Date: 2005-09-24 10:36 pm (UTC)
From: [identity profile] nmc.livejournal.com
Er, by "legal" I mean "prescribed to me for a valid reason by a doctor," said valid reason being that a team of surgeons and just opened up my ankle, sanded some stuff off the joint and drove a screw threw it, which did not qualify as "a nice, relaxing foot massage."

Date: 2005-09-24 10:43 pm (UTC)
From: [identity profile] elfgeek.livejournal.com
OMG, I was given morphine this week by a nurse! I don't think I've ever had a Class A before (but I didn't feel high or anything).

Re: Classes and schedules

Date: 2005-09-24 10:58 pm (UTC)
From: [personal profile] hattifattener
I think you're right; the schedules and classes and whatnot don't really correspond with each other. For example, the US's Schedule I is for drugs with no currently accepted medical use … [and] a lack of accepted safety for use, that is, drugs which are unalloyed eeeeevil (although several Schedule I drugs are in fact used medically). The US schedules and the SCND schedules are kept only vaguely in sync, and the SCND's schedules are ordered in the reverse of the US's: Schedule IV is the most restrictive, schedule I is the most general.

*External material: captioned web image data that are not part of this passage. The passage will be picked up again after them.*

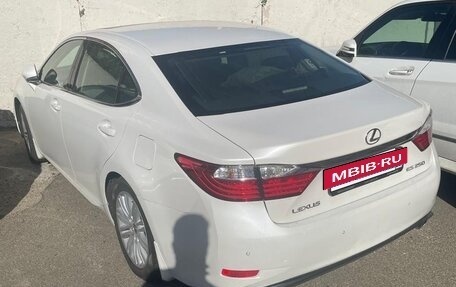 Lexus ES VII, 2014 год, 2 600 000 рублей, 4 фотография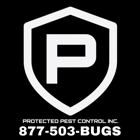 Protected Pest Control Inc.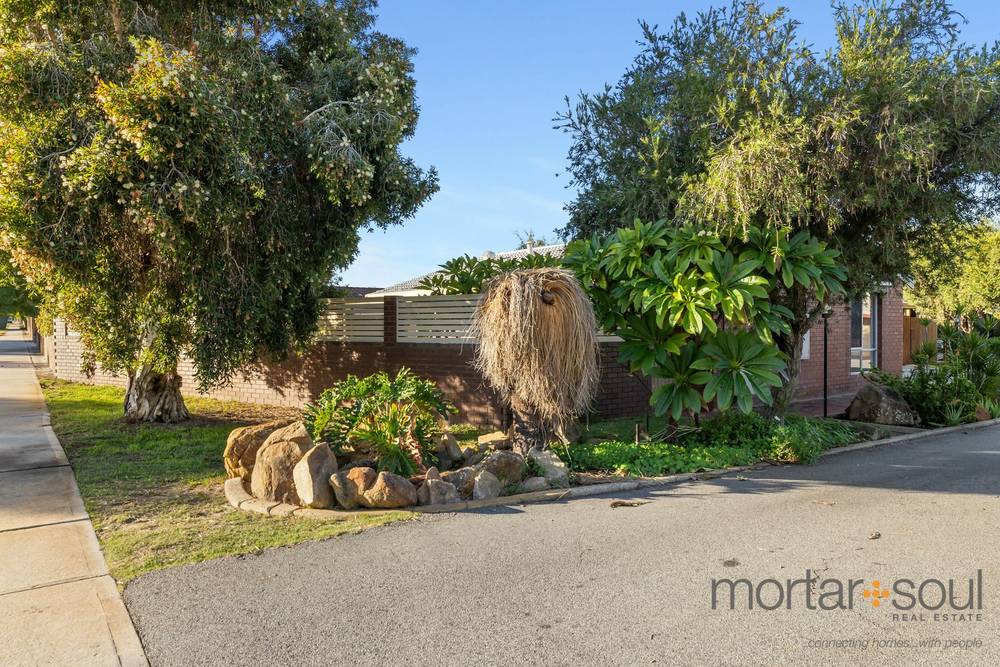 Unit 1/52 Ivanhoe St, Bassendean, WA 6054
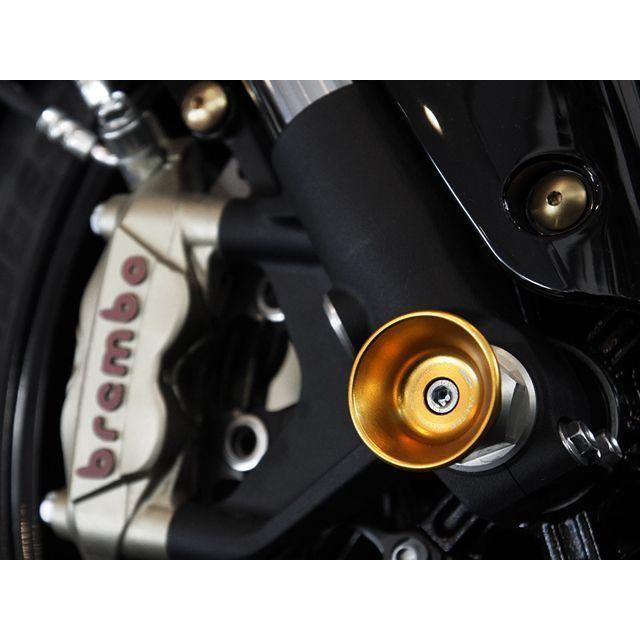 【Kazu】商品 Valter Moto components イニシャルアジャスター フォークアジャスター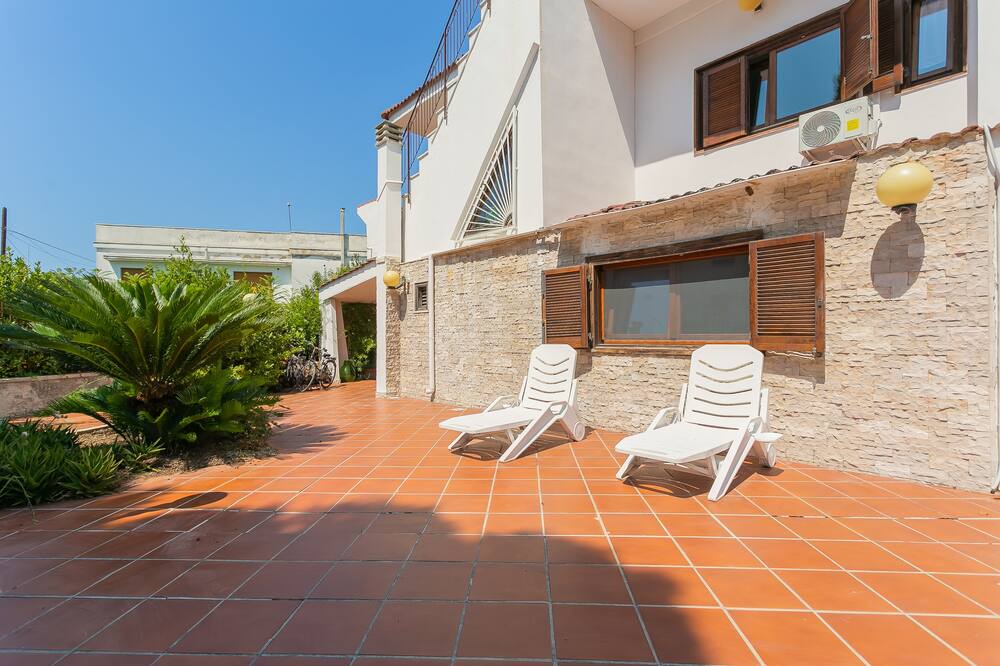 Photo of Outdoor in Giovinazzo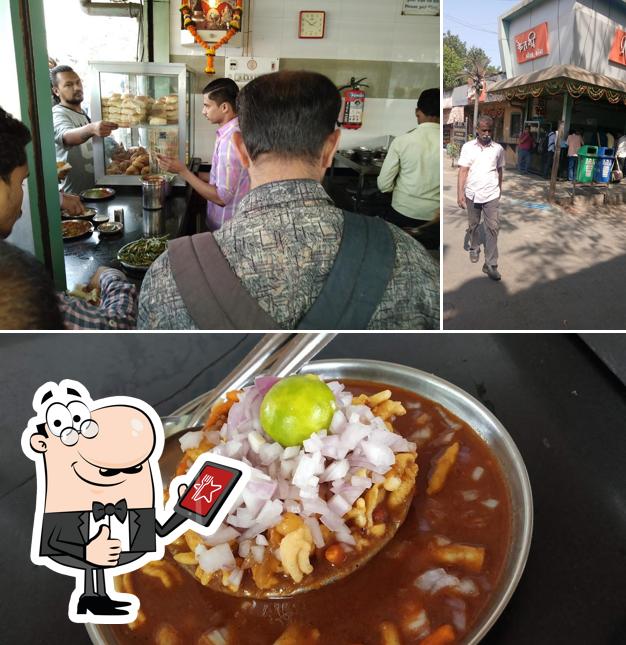 Look at this picture of Ketaki Snacks Corner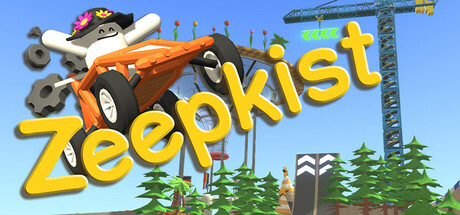 Zeepkist technical specifications for computer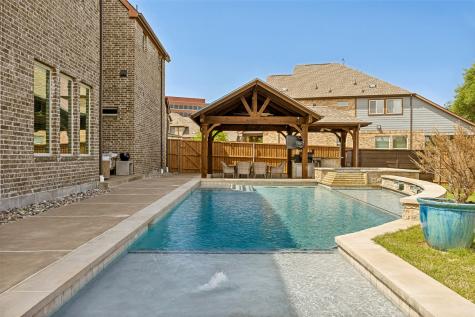 2240 W Dutch Drive Richardson TX 75080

Hmm, and it appears that the UK has Schedule Foo (MDR 1985), which divide the drugs according to medical use, as well as Class Foo (MDA 1971), which divide the drugs according to harshness of penalty: this according to Erowid's summary.

So, basically, confusion.

Date: 2005-09-24 11:29 pm (UTC)
karen2205: Me with proper sized mug of coffee (Default)
From: [personal profile] karen2205
The codeine available from pharmacies is very reduced in strength ie. 8mg not 30mg. And it's only available in a mixture of paracetamol/ibuprofen, not on its own.

I hadn't realised pethidine was Class A - I was given it while in hospital post appendectomy.

And no, IME, taking drugs on prescription doesn't lose you purity points:-)

Date: 2005-09-25 01:55 am (UTC)
From: [identity profile] mhw.livejournal.com
Pain tends to counteract opiate euphoriant effects. That's why people who take them for pain relief often don't become psychologically dependent on them.

Date: 2005-09-25 08:41 pm (UTC)
From: [identity profile] baratron.livejournal.com
I think that is the Best Story Ever. Or at least, the best one I've heard this week.

Any idea what margaret from #soc.bi is up to? I got an email from her yesterday saying she'd gone to Newcastle hospital, but I had no idea she was coming to the UK at all - it turns out that the one previous email I'd had had gone into my spam filter. If you hear from her before I do, tell her to contact me directly. Ta!

Date: 2005-09-25 10:40 pm (UTC)
From: [identity profile] hatter.livejournal.com
All technicalities count.


the hatter

Date: 2008-01-17 05:16 pm (UTC)
From: (Anonymous)
hiya i spilt innocent smootie on my laptop to and i love sims 2 yeye.

Date: 2008-01-19 11:58 pm (UTC)
From: [identity profile] baratron.livejournal.com
Y'know, leaving a random comment on a journal entry from three years ago is a bit strange?